[Opening Data for analysis section]

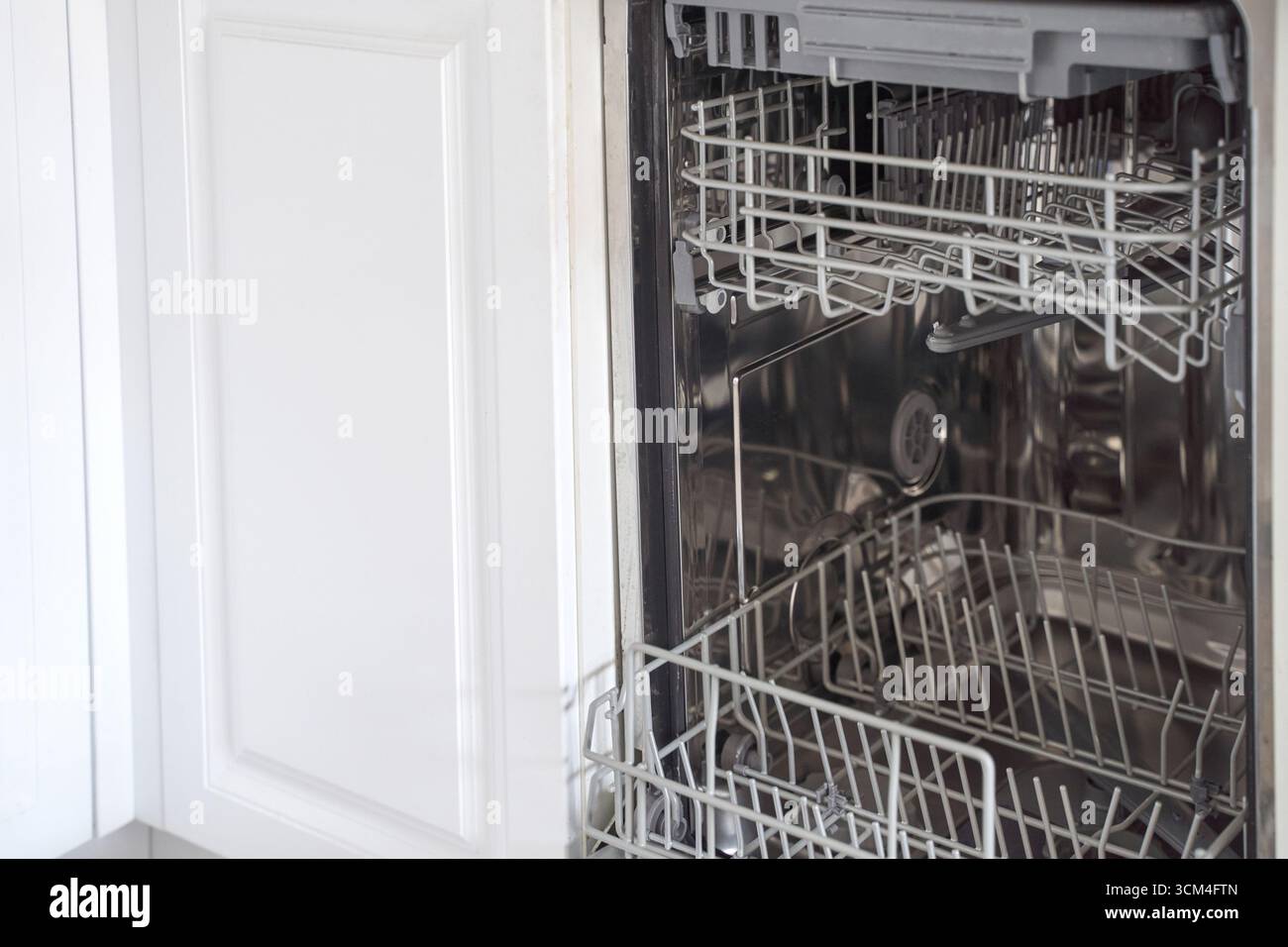 Open dishwasher with empty racks in a modern kitchen interior showing ...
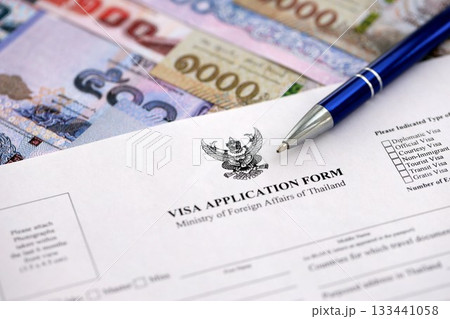 Visa application form to enter Thailand on table with pen and thai money bills close up Visa application form to enter Thailand on table with pen and thai money bills close up 133441058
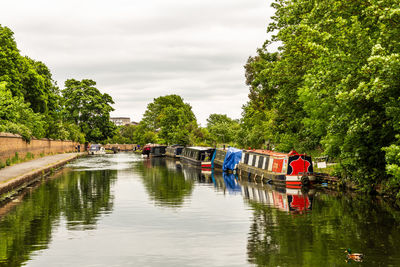 People on boat in river against sky on grand canal union, hanwell in london.
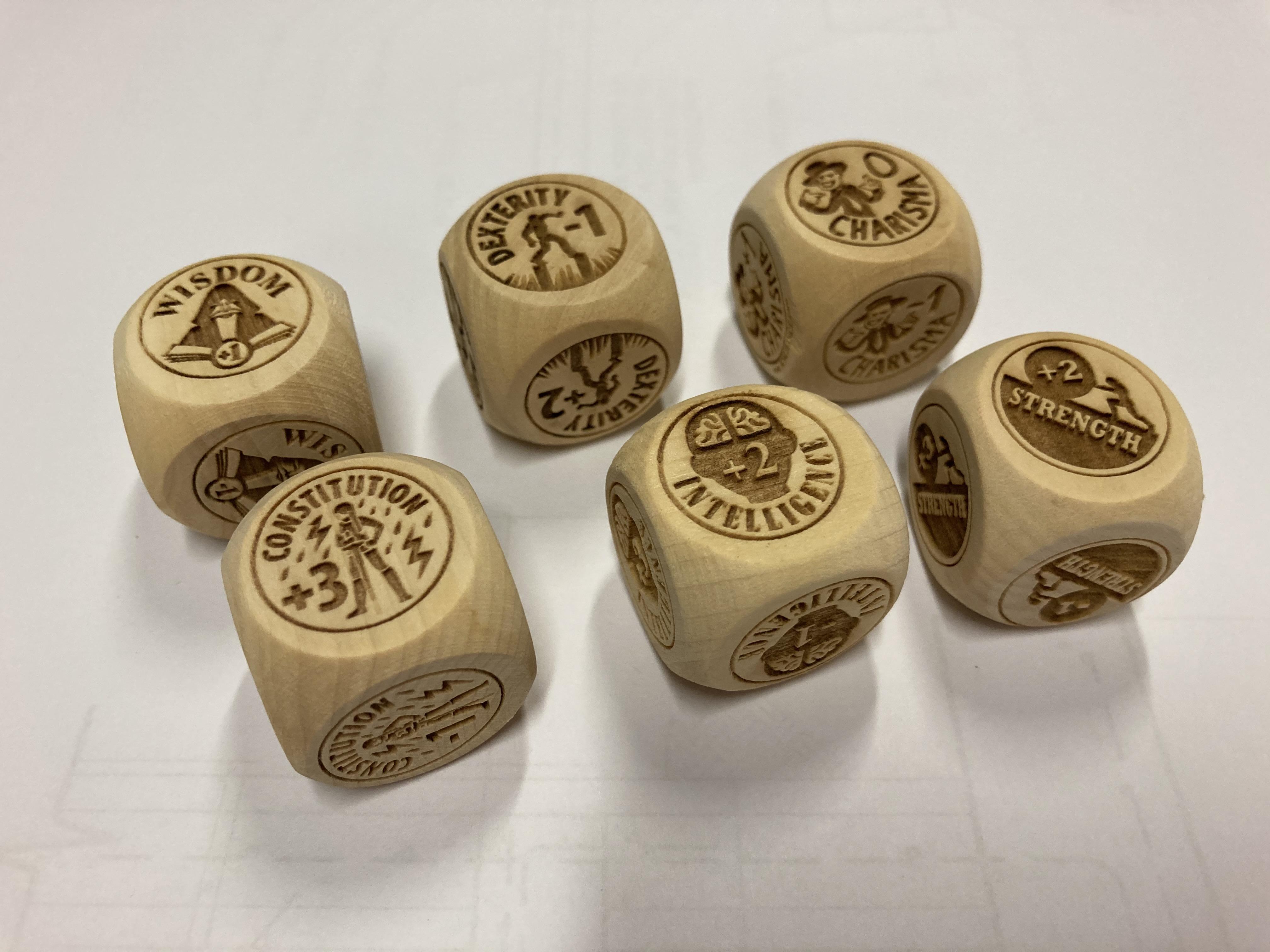 Six attribute dice are stacked in a pyramid
                        formation atop a blue table.  In front of the dice
                        pyramid lays a quarter.  The quarter has about the same
                        area as a single side of a die.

[Closing Data for analysis section]

With the line containing "People on boat" as the first line and the last line of the listing as the final one, reproduce that span exactly, without pictures.

(Your response)
 People on boat in river against sky on grand canal union, hanwell in london.
 Six attribute dice are stacked in a pyramid
                        formation atop a blue table.  In front of the dice
                        pyramid lays a quarter.  The quarter has about the same
                        area as a single side of a die.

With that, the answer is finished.